Pyrrolin, I appreciate the support. This is not the place to go into details, but this landlord plays real hardball. I know they have to hold a hearing, and my chances are fair. Been there once already over something really stupid. But in the meantime, they are making my life absolute hell, which is, of course, their goal.

The fish are Black Iron something, a variant of lambchop rasbora. Lots of filter feeding shrimp, snails, including Spixis nobody wants with other snails, as they eat them. Cherry barbs, some small danio species, not sure if any loaches have survived, also a bunch of cories. It would be crowded for them all in the 29, But with two filters on it, they should be ok for awhile. I just have nowhere to put a tank, off the stand, where it would not be in the way of pest control, and not be at risk for getting sprayed over. It's one thing to cover them, another entirely to have them sprayed on.

Not sure I could get them to Oshawa, though I really appreciate the offer.
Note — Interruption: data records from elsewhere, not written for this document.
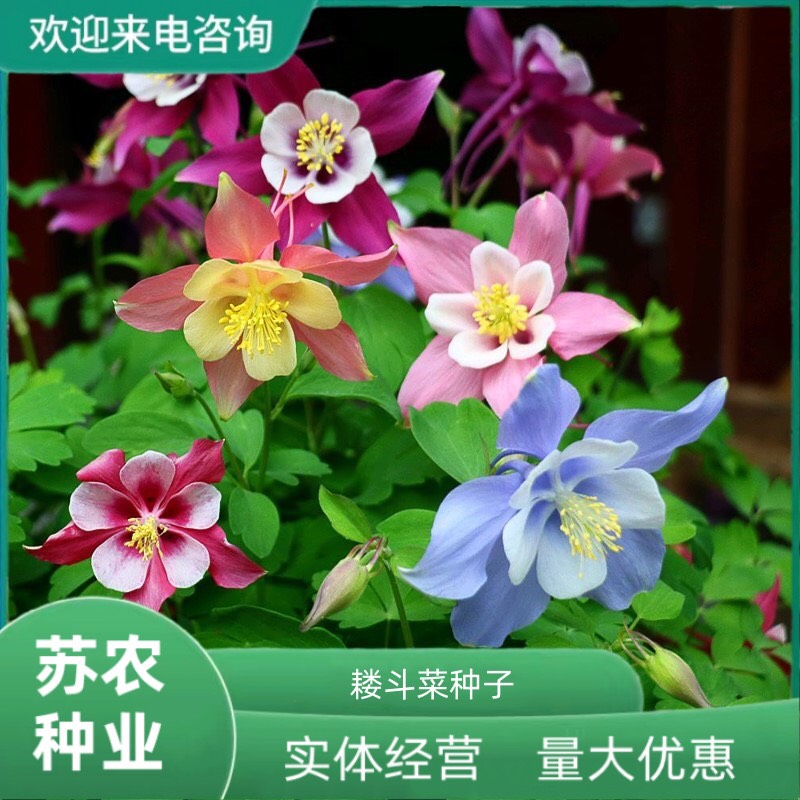 沭阳县耧斗菜种子花种籽猫爪花种子花籽四季 易种开花不断 室内室外花
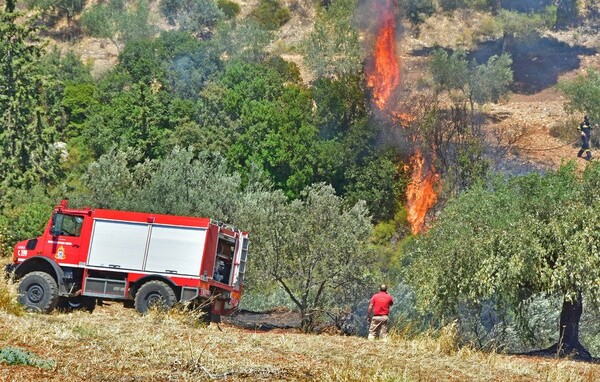 Σε εξέλιξη πυρκαγιές σε Δοκό Ευβοίας και Πρόδρομο Θηβών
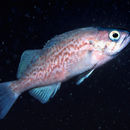 Image of Blue rockfish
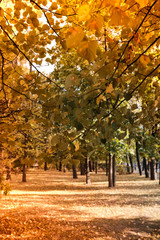 Fototapeta na wymiar autumn time in the city park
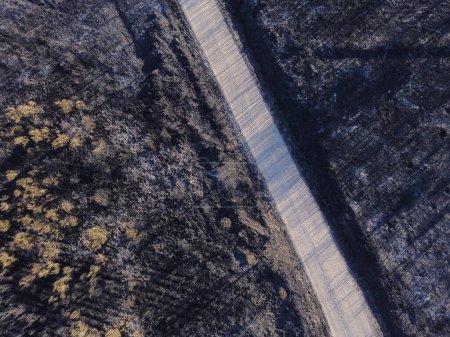 Aerial view of a burnt forest area, climate change concept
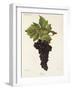 Cesar Grape-J. Troncy-Framed Giclee Print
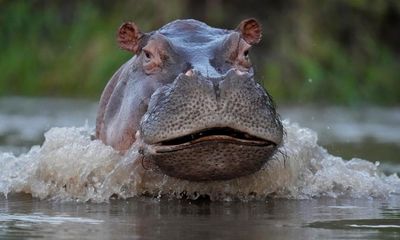 ‘Thrown like a rag doll’: British tourist narrowly survives hippo attack in Zambia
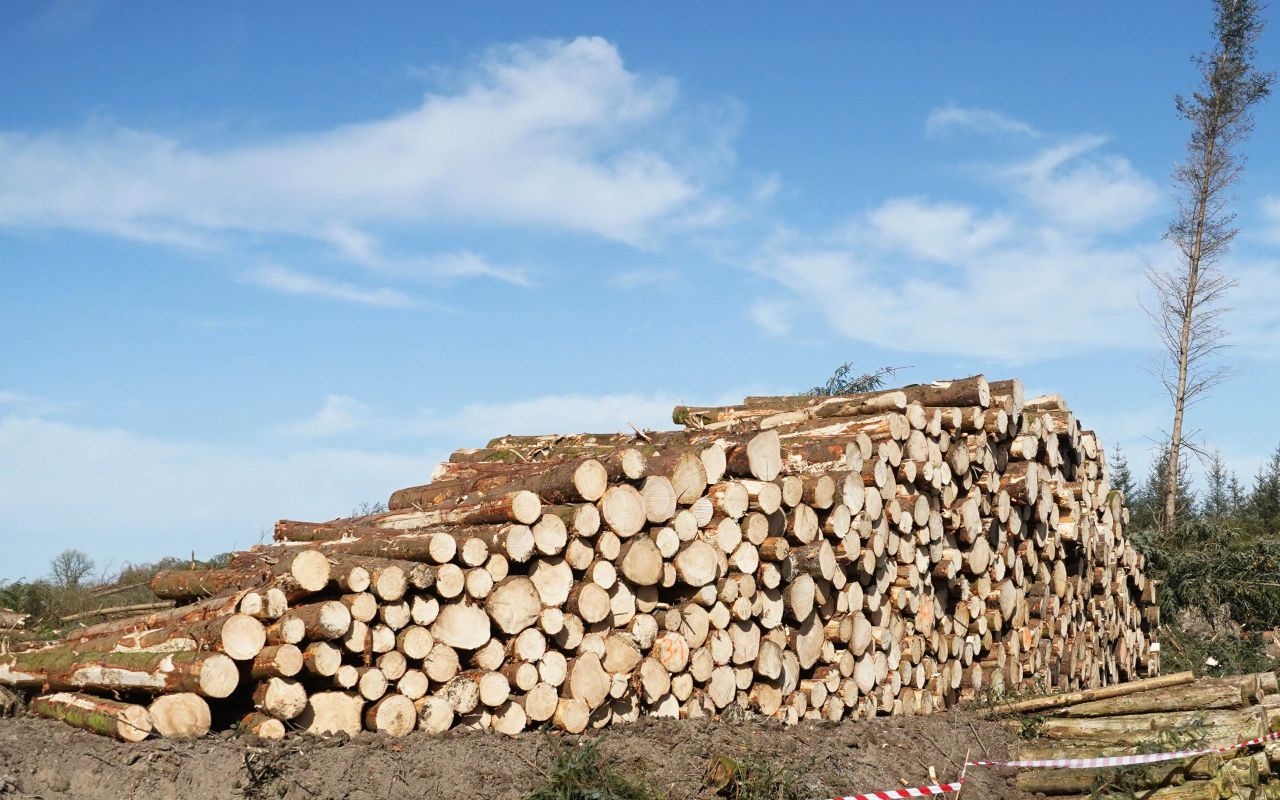 No timber glut yet but logistics a concern - Forest Windblow Taskforce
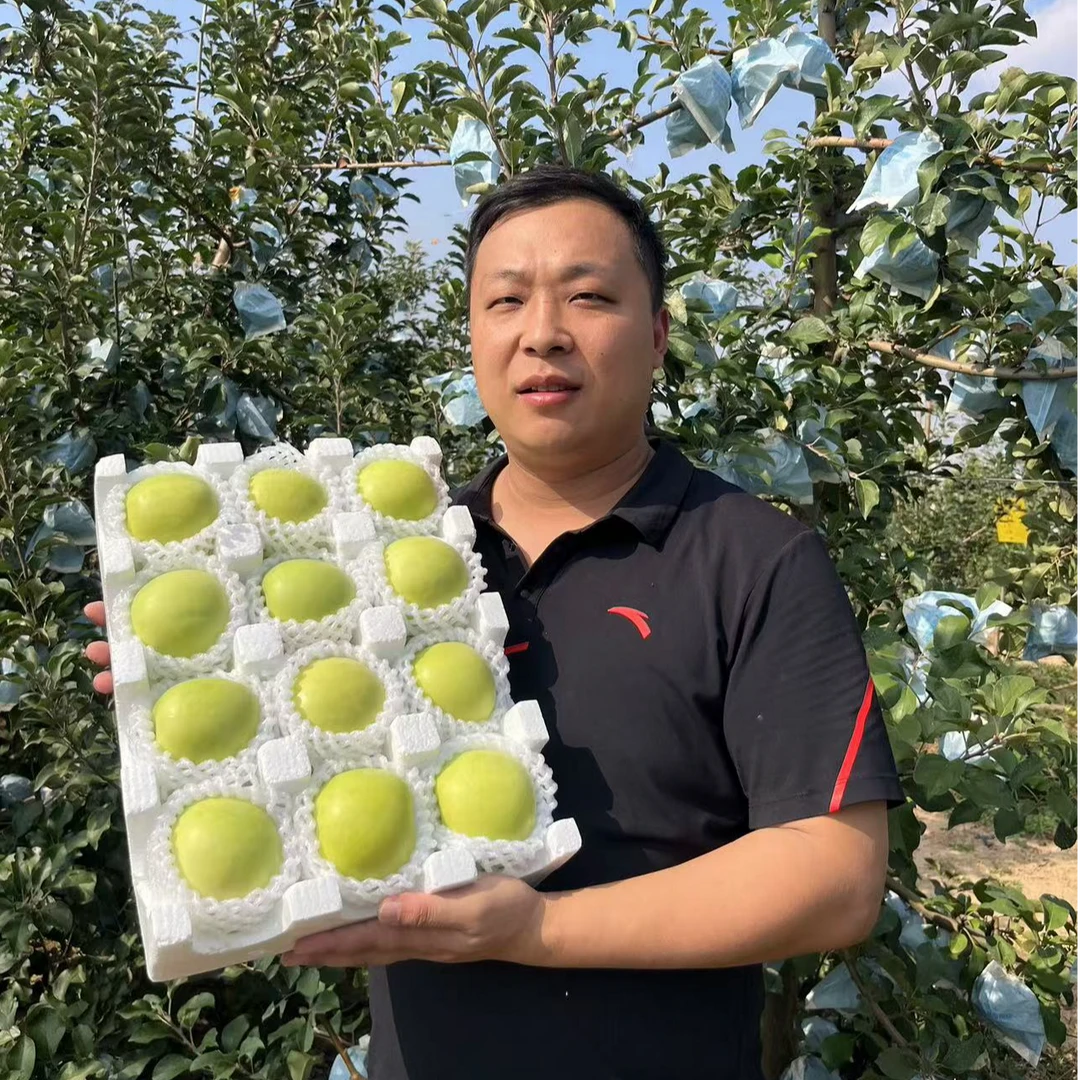 瑞雪苹果脆甜多汁香味浓郁原产地新鲜水果礼盒送礼佳选3.6-8.5斤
I still have a lot of other clearing up to do to allow for whole apartment spraying, and not a lot of time left to do it.


----------



## solarz (Aug 31, 2010)

Honestly, my advice would be to sell all the livestock and find another apartment.


----------



## pyrrolin (Jan 11, 2012)

gather evidence and proof that they are making your life hell and take them to the LTB for a rent abatement


----------



## Fishfur (Mar 4, 2012)

I'm filing a harassment action. I have evidence. I'd move if I could afford to, but this place is dirt cheap, and is the main reason I have any money to spend on fish etc. If I have to move, most of my pension will go to rent instead. Plus, I just don't want them to win.


----------



## bob123 (Dec 31, 2009)

Not sure where you are in Mississauga but contact Finatics or big al's and see if they have a tank that your fish can go into until the work on the rad and you can get sorted out. Best of luck.


----------



## SignGuy (Mar 3, 2012)

Pm sent...


----------



## Fishfur (Mar 4, 2012)

Fortunately I've found a place to temporarily house my fish. Thanks to those who offered to help, I really appreciate it. Wish me luck with the landlord !


----------